The Organisation: The Victorian Aboriginal Community Controlled Health Organisation (VACCHO) is the peak body for Aboriginal and Torres Strait Islander health and wellbeing in Victoria, with a membership of 32 Community-controlled organisations. Their role is to support Members in the delivery of high-quality, culturally safe health and social services to the Aboriginal and Torres Strait Islander Community across the state. They do this by:
- advocating on issues related to Community health and wellbeing
- strengthening support networks
- increasing workforce development opportunities
- partnering with government and mainstream health organisations to embed self-determination and culturally informed approaches across health services and systems.
Self-determination is at the heart of what they do and what they want to achieve. Their vision is for Culture, Community and Country to be embedded and respected in all healthcare settings and for Aboriginal and Torres Strait Islander people to have equitable health access and outcomes.
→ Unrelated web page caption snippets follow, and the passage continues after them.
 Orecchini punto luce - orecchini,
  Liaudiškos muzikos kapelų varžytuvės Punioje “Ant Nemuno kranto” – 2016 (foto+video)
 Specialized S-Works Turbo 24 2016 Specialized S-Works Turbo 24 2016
Why outcome focused approaches to funding matter: Articulating the core outcomes that any organisation aspires to is complex. For a peak body, representing the views and needs of many communities across Victoria, creating space for a focus on long-term change, rather than short term activities was essential. Outcome focused working is a core tenet of our State and Federal governments’ approach to funding, and with it comes an opportunity to rethink the ways in which we constitute what success looks like. Outcome focused budgeting allows for continuous learning and evaluation, recognising that the contexts in which organisations operate continually change, and as they do, so must their knowledge and skills. Continuous learning and evaluation about progress towards outcomes is essential for organisations to remain relevant and meaningful to the complex, and continually shifting environments in which it operates. Outcome focused approaches to funding offers a chance to experiment with new approaches, learn about what works and doesn’t, and support the continued evolution of programmatic design.
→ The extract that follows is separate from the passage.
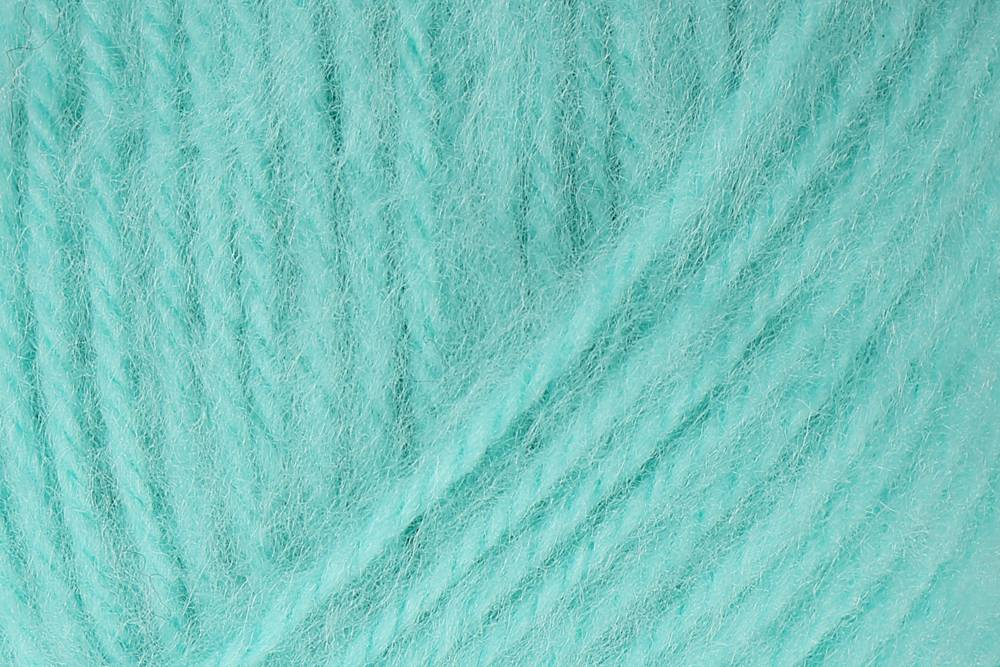 Bravo Softy Schachenmayr-8366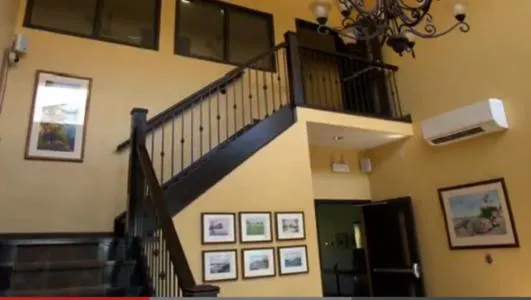 Midland Inn & Suites hotel detail image 1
How we help: This project sought to design a Success Framework to articulate the shared long-term ambitions, outcomes, indicators, and evaluative approaches for the peak body for Aboriginal health in Victoria. The project involved the co-design of approaches through deep consultation, workshops with more than 50 participants from across the organisation – including a diverse mix of young people. Co-design processes helped to develop and validate indicators for measuring actions, outcomes and impacts, and a multi-stage feedback approach. An outcomes-based budget development process was undertaken to arrive at a long-term funding proposal to accompany the Success Framework.
Lived Experience + Power
In our work with VACCHO, power was an incredibly important element of our engagement. Lived experience of First Nations voices was central to the engagement and we worked with First Nations people as participants in a set of workshops across an extended period. Traditional Owners of Aboriginal country in Victoria were both participants and custodians of the work. Other Aboriginal and Torres Strait Islander peoples involved in the work relied on these knowledges. We created governance arrangements that elevated the voices of Traditional Owners in the planning and cultural safety aspects of the work, including in all workshop and facilitation exercises. We then created separate and segregated spaces for men’s business and women’s business where relevant. Elders’ voices necessarily hold import, and equally a commitment to emerging leaders is central to the work of VACCHO. This required careful matching of skills and capacities and pre-work in a range of formats to ensure equal footing to begin with. Finally, the work was commissioned in the context of responding to a request from the Victorian Department of Health to move to a long-term planning model. This power dynamic complex to navigate, and the move from ‘consulted with’ to ‘co-design’ was new to staff at VACCHO and senior members of DHS. Again, we created multiple modes for dialogue, focusing on elevating oft-ignored voices and ensuring boundaries around the ways in which feedback and critique were collected.